If you think about this neat technological result, there’s more to Personas than just “showing how the internet sees you“. On the one hand, it does give you that idea about the ubiquity and long-time persistence of your online profile . Meet your publicy, as this facet of the internet has been coined. Stowe Boyd has a very nice article written about the 3 facets of one’s person: secrecy, privacy and publicy. Welcome to the decade of publicy, where interactions and tools “default to things being open and with open access, rather than concealing things and limiting access to those explicitly invited“. So, Personas is again a very good reminder to be careful with the breadcrumb trail you create across the internet. Well, not to be careful, but be conscious. Being self-conscious about your publicy, gives you control, because you are careful about your paper-trail.

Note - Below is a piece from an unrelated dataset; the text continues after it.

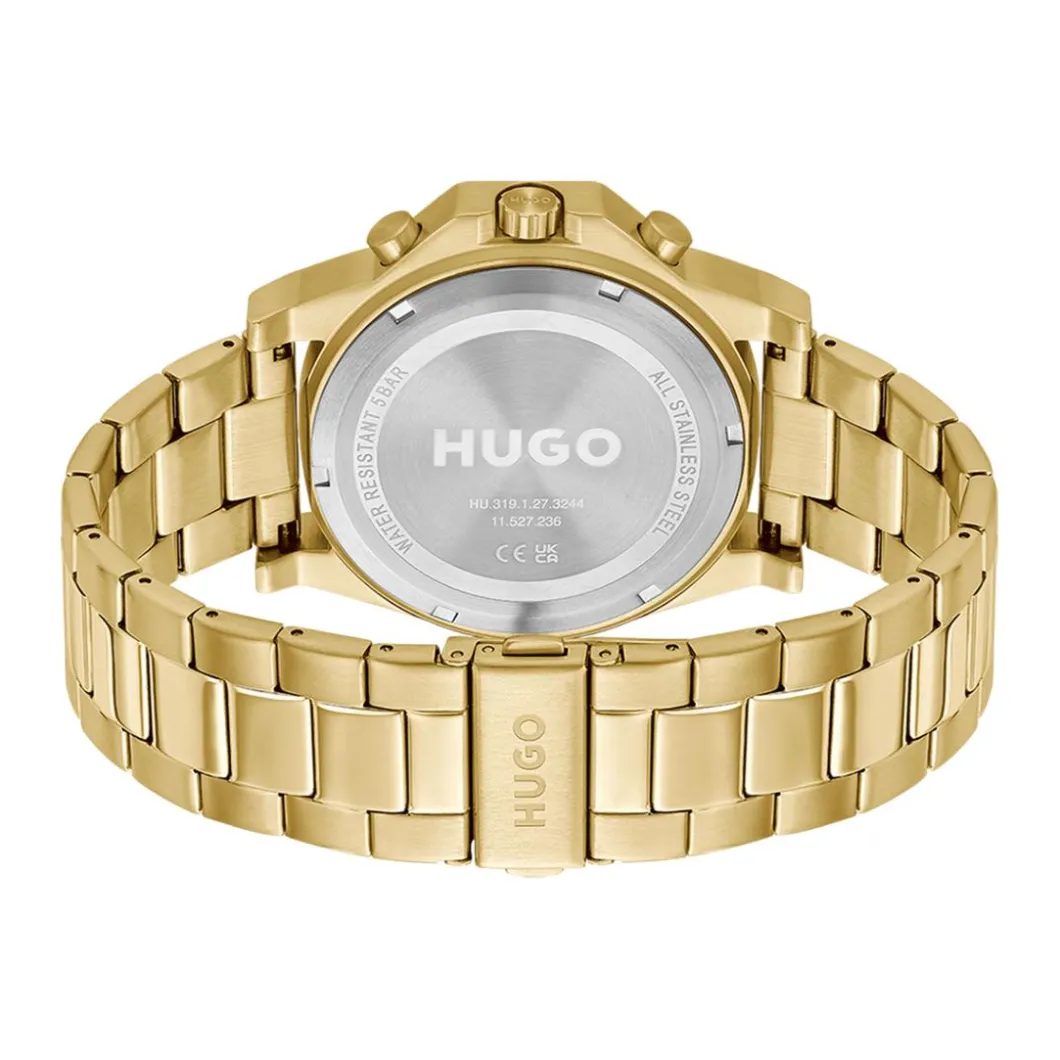 Hugo Montre Acier<Montre Homme #Brave - 1530349 Bracelet Acier Doré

On the other hand, the Personas project also points out another very important aspect of the current state of the internet:

In a world where fortunes are sought through data-mining vast information repositories, the computer is our indispensable but far from infallible assistant. Personas demonstrates the computer’s uncanny insights and its inadvertent errors, such as the mischaracterizations caused by the inability to separate data from multiple owners of the same name. It is meant for the viewer to reflect on our current and future world, where digital histories are as important if not more important than oral histories, and computational methods of condensing our digital traces are opaque and socially ignorant.

As the internet is run and scavenged by computers, which are just algorithmic and not intelligent (“The question of whether a computer can think is no more interesting than the question of whether a submarine can swim.” – Edsger W. Dijkstra), one has to be careful about the information retrieved by searching or mining the net. On the other hand, regarding publicy and its constant tension with privacy, the Personas project proves there’s a realistic risc in retrieving confusing information coming from alternate sources. So it’s a matter of being master of Google’s first pages (Dutch) as Bart De Waele states it. Otherwise said, control the conversation about your profile. Become the only source of information about yourself. Or your company for that matter. However, as this might be a very labour intensive undertaking, as a last resort, there is not only a possibility, but also an opportunity, not only in falsifying information (p. 28) to protect one’s privacy. but in smoke screening your publicy by actively dropping false information, maybe even using mirror identities.

Self regulation

Which proves a conclusive point, stated also by Laurent Haug: “Self regulation is already underway“. Which works in both directions: “You want to spy on me? I will feed you with fake data to push the envelope to where I want it to be … In the contrary, if you give users a system they can trust, one where they can control what is controllable, then they will share the data advertisers need.

What can I do with the concrete Personas result?

In short? Nothing! It is what it is: an animation and final visualization … that indicate something, but nothing concrete. It can give you an idea or overview of what can be found on the interweb when people search you. You can use it as such in your internet toolchest.